Attention: We are retiring the ASP.NET Community Blogs. Learn more >

Regex to match opening Tags

While fiddling around in RegexSnippets tonight I concocted this regex to match opening tags and to capture the various elements:

          
(?'openTag'<)
    \s*?
    (?'tagName'\??\w+)
    (?:
        \s*?
        (?'attribName'\w+)
        (?:\s*(?'attribSign'=)\s*)
        (?'attribValue'
            (?:\'[^\']*\'|\"[^\"]*\"|\w+)
        )
    )*
    \s*?
    (?'closeTag'[\/\?]?>)

...and here is a script that I wrote to test it with:

using System ;
using System.Text.RegularExpressions ;

namespace RegexSnippets.Tests
{
    public class Foo
    {
        public static void Main()
        {
            string source = @"<A href="foo"><TD><A> <TABLE id=1 foo="bar">" ;
            string pattern = @"(?'openTag'<)\s*?(?'tagName'\??\w+)(\s*?(?'attribute'(?'attribName'\w+)(?:\s*(?'attribSign'=)\s*)(?'attribValue'(?:\'[^\']*\'|\"[^\"]*\"|\w+))))+\s*?(?'closeTag'[\/\?]?>)" ;

            Regex re = new Regex( 
                    pattern, 
                    RegexOptions.IgnoreCase|RegexOptions.Multiline|RegexOptions.Singleline
                ) ;
             
            for( Match m = re.Match( source ); m.Success; m = m.NextMatch() ) 
            {
                Console.WriteLine( "Open tag = {0}", m.Groups["openTag"].Value ) ;
                Console.WriteLine( "Tagname = {0}", m.Groups["tagName"].Value ) ; 
                
                if( m.Groups["attribName"].Success )
                {
                    for( int i = 0; i < m.Groups["attribName"].Captures.Count; i++ ) {
                        
                        Console.WriteLine( "Attrib Name = {0}", m.Groups["attribName"].Captures[i].Value ) ;
                        Console.WriteLine( "Attrib Sign = {0}", m.Groups["attribSign"].Captures[i].Value ) ;
                        Console.WriteLine( "Attrib Value = {0}", m.Groups["attribValue"].Captures[i].Value ) ; 
                    }
                    
                }


                Console.WriteLine( "Close tag = {0}", m.Groups["closeTag"].Value ) ; 
                Console.Write( "{0}**********************************{0}", Environment.NewLine ) ;

            }
            Console.ReadLine() ; 
        }
    }
}  

2 Comments

  • Thanks for helping me out with this mate. You can hereafter call yourself 'The King of Regex' ;)

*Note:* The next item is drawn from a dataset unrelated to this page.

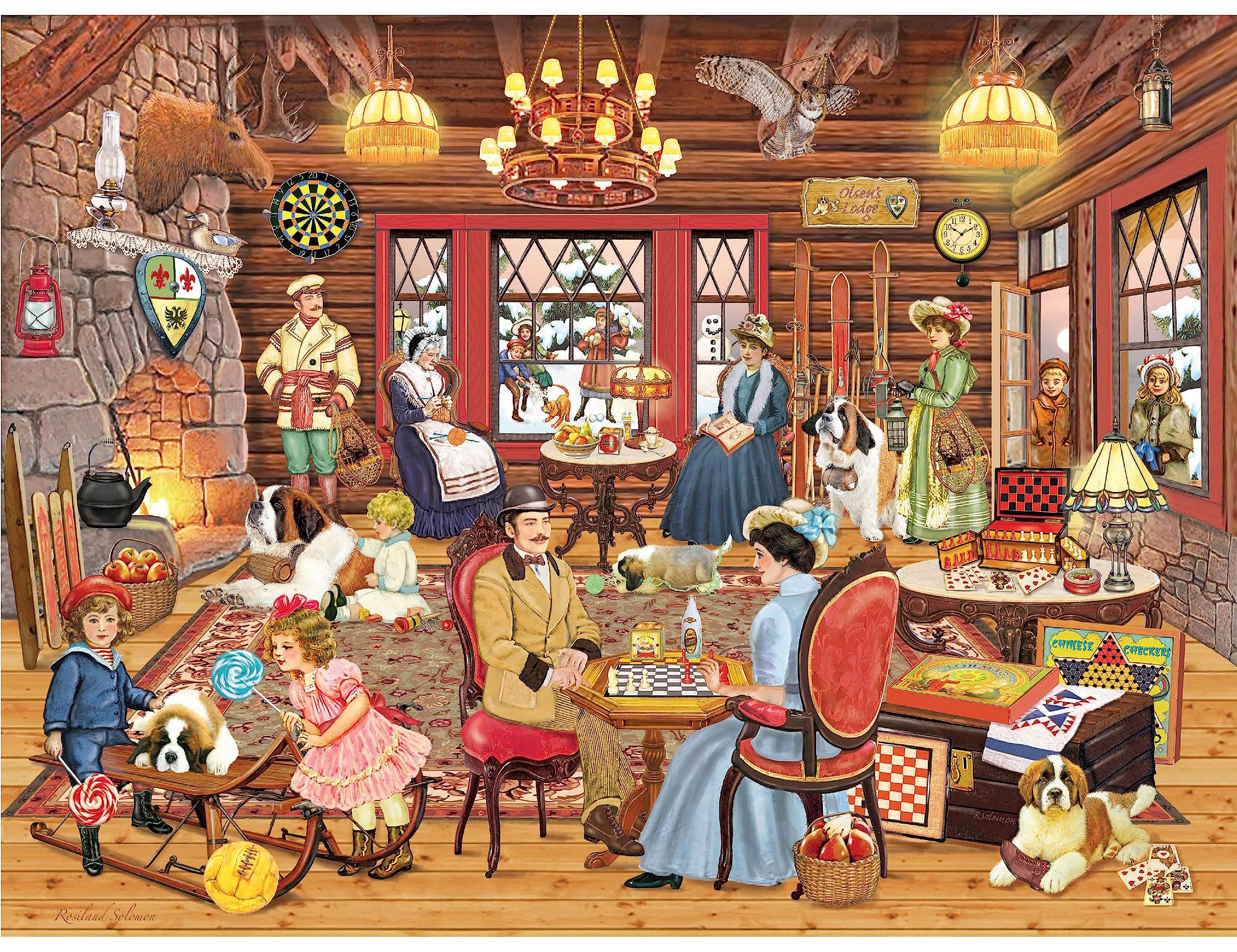 1000 Piece Puzzle for Adults ROSILAND Solomon Olsen Family Reunion 27X20 Jigsaw by KI Puzzles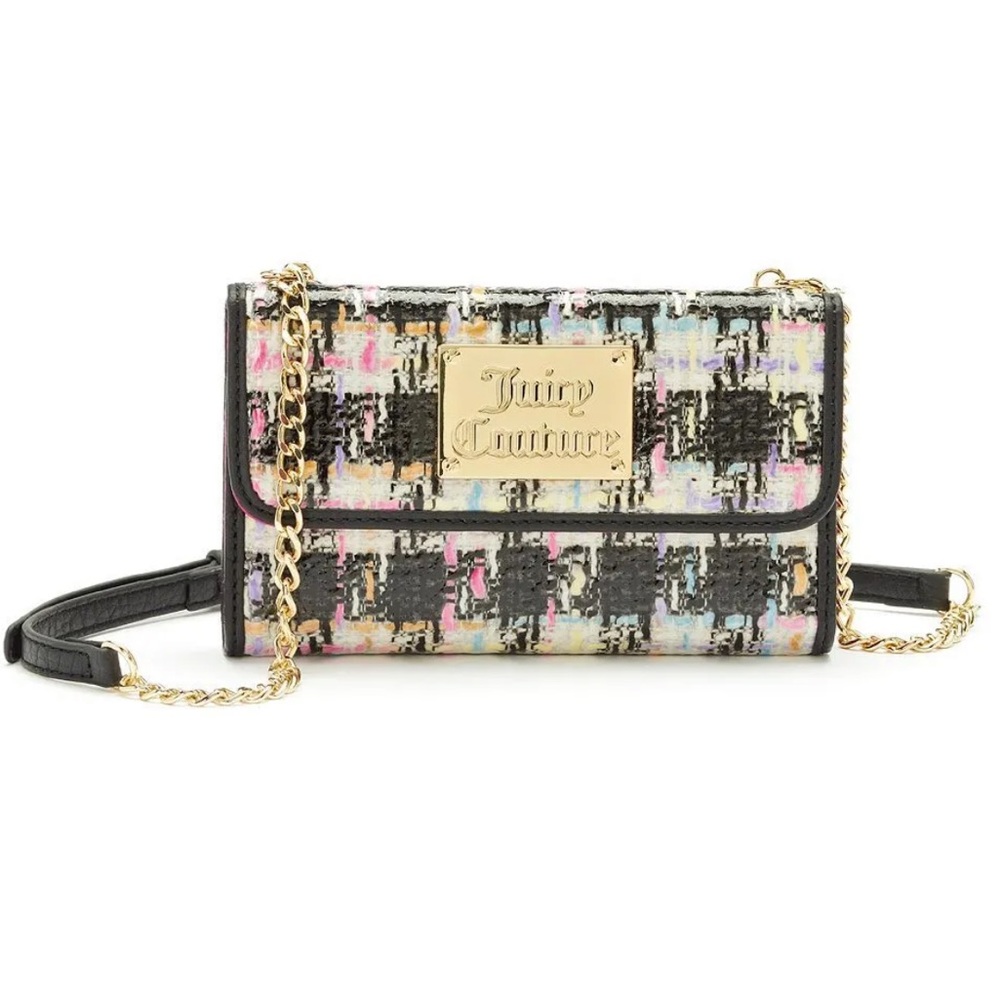 •Juicy Couture Wallet Purse Crossbody Tweed Plaid Design W/Leather Chain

  • Nice stuff. I didn't know you could name groups and then reference them in your match by name. Thanks for the tip!



    BTW - your tester class really wants to be a NUnit Test case - it is so similar you would be amazed. If you haven't already, take a look at NUnit on SourceForge, it will change the way you write code forever.

Comments have been disabled for this content.